En el inicio de su sexenio, Vicente Fox afirmaba ser un decidido defensor de las garantías individuales en México y otros países. Sin embargo, el supuesto compromiso inicial del entonces presidente con la procuración de los derechos humanos contrasta claramente con las cuentas que entregó una vez que dejó el poder: en las postrimerías del foxismo autoridades estatales y federales recurrieron a la represión policial como una medida para sofocar los descontentos sociales en diversas zonas del país como Lázaro Cárdenas, en Michoacán; Texcoco-Atenco, en el estado de México, y Oaxaca.
Diversas organizaciones como Amnistía Internacional, Human Rights Watch y la Comisión Civil Internacional de Observación de los Derechos Humanos, pusieron bajo la óptica de la comunidad internacional los casos de graves atropellos a las garantías individuales cometidos por las autoridades mexicanas en el contexto de tales conflictos.
Lejos de aclarar y reparar el daño producido por los abusos de su antecesor, el gobierno de Felipe Calderón se ha distinguido por preservar la impunidad para los culpables de los episodios de represión mencionados, así como por incurrir en otros graves atropellos a las garantías individuales, como las detenciones de los líderes sociales oaxaqueños y su internamiento inexplicable e injustificable en prisiones de alta seguridad. Para colmo, el calderonismo ha continuado acciones como el empleo de las fuerzas armadas en el combate a la delincuencia y la criminalización de la protesta social, que históricamente tienden a desembocar en episodios de represión masiva y de atropello de los derechos políticos.
Estas conductas gubernamentales, en conjunción con el creciente número de presos por motivos políticos, ponen en evidencia la severa crisis que enfrenta el Estado respecto de su papel como mediador en los conflictos sociales y como interlocutor de los grupos que los protagonizan: éstos, al no encontrar canales de solución adecuados para sus demandas –muchas de las cuales son, a su vez, consecuencia de los desaciertos del gobierno–, tienden a radicalizar sus luchas, y encuentran como respuesta la represión de las autoridades.
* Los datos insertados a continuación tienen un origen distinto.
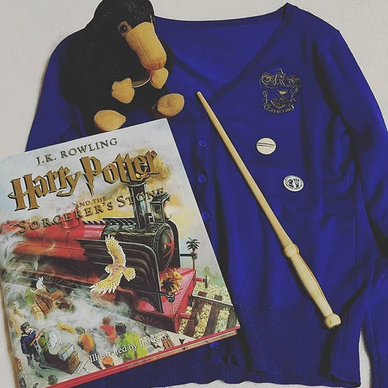 Illustrated Harry Potter and the Sorcerer's Stone, Ravenclaw cardigan, stuffed Niffler, and wand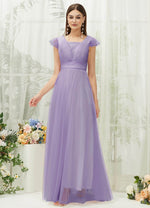 NZ Bridal Dusty Purple CapSleeves Tulle Maxi bridesmaid dresses R0410 Collins a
Por lo demás, la criminalización de las manifestaciones de descontento social no se limita al ejercicio de la fuerza represora del Estado en contra de los inconformes, sino que se apuntala, además, con triquiñuelas jurídicas como la invención de cargos y la lectura facciosa de las leyes en perjuicio de los acusados. Como ejemplo ha de referirse la sentencia dictada en mayo pasado en contra de dirigentes del Frente de Pueblos en Defensa de la Tierra, condenados a 67 años de prisión, lo que constituye una virtual cadena perpetua. No deja de ser sorprendente e inaceptable que la pena que purgarán estos activistas campesinos es por demás desmesurada en comparación con los castigos que reciben los culpables de crímenes como el secuestro o el narcotráfico.
El empleo excesivo de la fuerza pública para acallar las manifestaciones de descontento es una práctica recurrente de los regímenes autoritarios. En un contexto democrático, sin embargo, tales acciones no pueden tener cabida. El gobierno federal debe entender que la solución a los conflictos sociales se alcanza mediante el diálogo y el reconocimiento de todas las partes; la represión y el encarcelamiento de los inconformes, en cambio, propicia que la descomposición social avance y que el daño alcance niveles que pudieran ser irreversibles.